Penslar sees modern Jewish politics as all about “fear and anxiety,” an emotional agenda. Too often, he downplays the reasons for the fear. He presents the danger of a nuclear Iran more as Benjamin Netanyahu’s electoral fantasy than a real threat. In 2000, he writes, “The Second Intifada erupted, and mainstream Jewish organizations retreated to the language of fear and anxiety, solidarity with Israel, and suspicion, if not downright hostility, to the international community ...” This “retreat” was a necessary one, though Penslar depicts it as irrational. How could Jews not express solidarity and anxiety for Israel when it was being attacked every week by suicidal murderers intent on killing innocent civilians? What are the alternative emotions that Penslar would have preferred?
In Penslar’s eyes, Israel is the “stronger party” in an “asymmetrical conflict” and “the stronger party’s hatreds do greater harm to the weaker party than the other way around.” But this begs the question: Who is actually the stronger party? Behind Hamas stands Hezbollah and Iran—a hostile, Holocaust-denying state of over 100 million people. There is one Jewish state in the world, and 22 Arab states. There are perhaps 7 million Jews in Israel, and another 8 million Jews worldwide, against a total of 1.8 billion Muslims. Israel is encircled by hostile entities set on its destruction. Where is the asymmetry here?

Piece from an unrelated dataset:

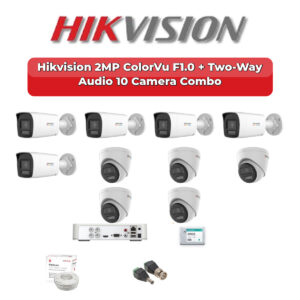 Hikvision 10 Camera 2MP HD CCTV Combo Kit | ColorVu F1.0 + Two-Way Audio | 16CH XVR / DVR | 2TB HDD
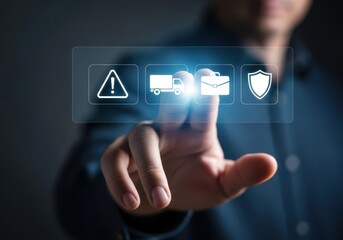 Person s finger interacting with a futuristic digital interface displaying security and alert icons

Anti-Zionism cannot be antisemitic, Penslar seems to think, if there is no emotion of Jew-hatred behind it. But the argument that Israel is illegitimate and therefore must be dismantled is itself antisemitic. Yes, the anti-Zionist may feel righteous anger, rather than hatred, as Penslar argues. But splitting emotional hairs is not the point—racism is structural. When anti-Zionism envisions, as it must, the ruin of the Jewish state, it becomes a racist polemic.

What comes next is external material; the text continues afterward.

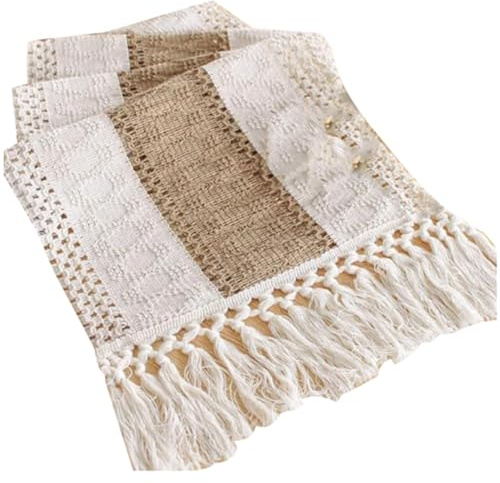 ISKDJBJG Table Cloth, Cotton and Linen Splicing with Knotted Tassels, Table Flag, Holiday Wedding Decoration, Table Cloth Easy Install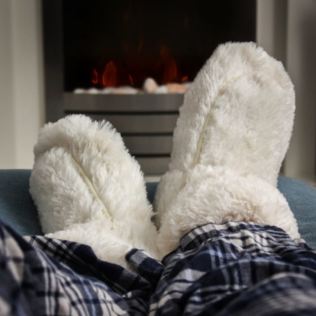 Microwavable Slippers - Cream Boots Product Image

In August 2023, Penslar signed a petition circulated by a group called Academics4peace. The word “apartheid” appears three times in the petition, as a description of life in the West Bank. In his books, too, Penslar has described the situation in the West Bank as apartheid, even though over 90% of Palestinians there are governed not by Israel but by the Palestinian Authority, which oppresses its population for its own reasons. The point of calling Israel an apartheid regime is clear: to suggest that it must go the way of white-led South Africa. Arafat said about Yitzhak Rabin, “He is not a de Gaulle. Let him be at least a de Klerk.” Algeria without its pieds-noirs would have been the best case scenario; the other possibility was a Palestinian majority ruling over Jews, like Blacks in post-apartheid South Africa. So it is for the campus left: The “settler-colonialist” Jewish state, like white South Africa or French Algeria, must be destroyed.

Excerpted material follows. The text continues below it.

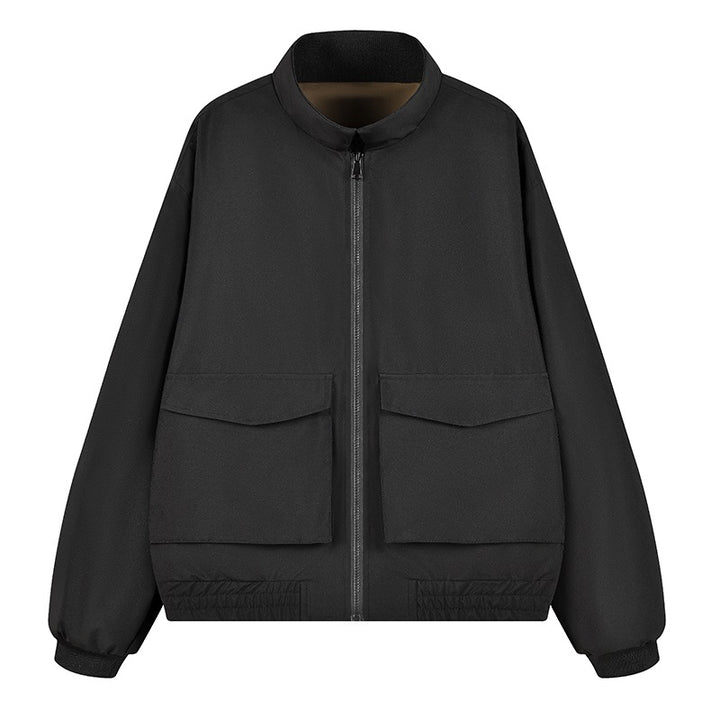 Herren Boxy Utility‑Bomberjacke mit großen Pattentaschen, Stehkragen & Reißverschluss Drune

In Zionism: An Emotional State, Penslar says that the word Zionism has “signified the Israeli state’s paradoxical blend of vulnerability and strength, achievement and unfulfilled purpose.” When the world ignores Israel’s vulnerability and sees only its military strength, antisemitism begins to triumph. Since Oct. 7, Israel has been painted as an aggressor nation, its weakness in the face of terror discounted utterly.
In Zionism, Penslar evokes Herzl’s “uncommonly handsome” countenance, which “connoted prophetic insight, serenity without indifference, and composure without nonchalance.” Penslar explores Herzl’s neurotic character, but also venerates the proud, steady image he projected on behalf of Jews. If we are to get back to Herzl’s nobility, and his hope for Jewish self-sufficiency, we need be united enough as Jews to call things by their true names. The wish to delegitimize Israel—otherwise known as anti-Zionism—is nothing but antisemitism. The U.S. and EU agree on that. Why doesn’t Derek Penslar?